1

I've done courses on measure theory, advanced stochastic processes, etc.--years and years of using the notion of 'measurableness'. I've now come to the conclusion that, in fact, I do not understand this notion.

Yes, I 'understand' the "mathematical" meaning (i.e., the definition), it's very simple: The inverse images of (Borel-)measurable sets need to be in the sigma algebra. In fact mathematically there isn't anything to understand, it's just a definition. Yet there's a difference between 'understanding' a definition mathematically, and really understanding the semantics on the deepest level (which I'd call the 'true' meaning).

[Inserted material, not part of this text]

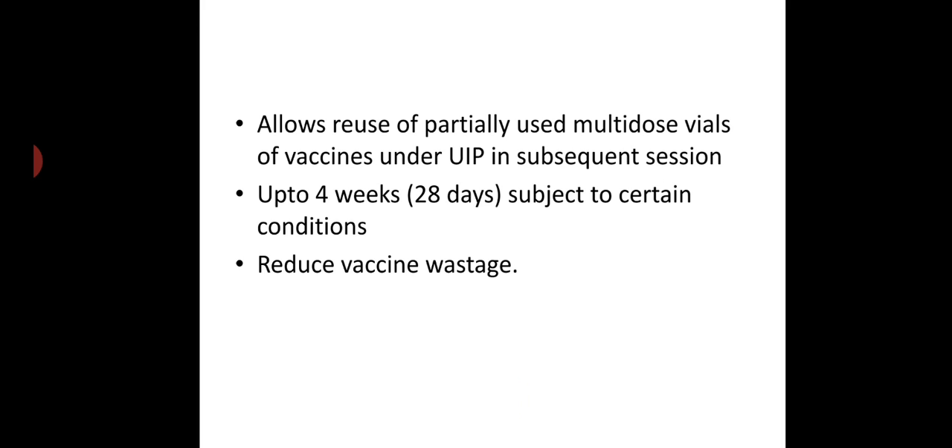Hello all, today we will discuss the open vial policy by the Government of India. Open vial policy allows reuse of partially used multi-dose vials of vaccines under the Universal Immunization Program in subsequent sessions up to 4 weeks or 28 days, subject to certain conditions. Thus, it reduces vaccine wastage.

Concretely, let's focus on probability spaces. Let $(\Omega, \mathcal{F}, P)$ be a probability space. Let $\mathcal G \subseteq \mathcal F$ be a sub-sigma-algebra.

(1) What is the meaning of "the information contained in $\mathcal G$"?

Let $X \colon \Omega \to \mathbb{R}$ be a function. Then $X$ is called a random variable iff $X$ is $\mathcal F$-measurable. This means that, for any Borel set $B$, we have that $(X \in B)$ lies in $\mathcal F$. The reason behind this definition is that, for any such Borel set $B$, we want to be able to compute the probability that $X \in B$ (therefore we must demand all such to be part of the sigma-algebra). Let's suppose that $\sigma(X) \subseteq \mathcal G$, so that $X$ is even measurable w.r.t. the smaller sigma algebra.

(2) How can the "information" in $\mathcal G$ determine the value of $X$?

$\mathcal G$ is some smaller sigma algebra. In which sense does the information in $\mathcal G$ determine the value of $X$? I don't see that at all. In fact, in which sense does the information in $\mathcal F$ determine the value of $X$!?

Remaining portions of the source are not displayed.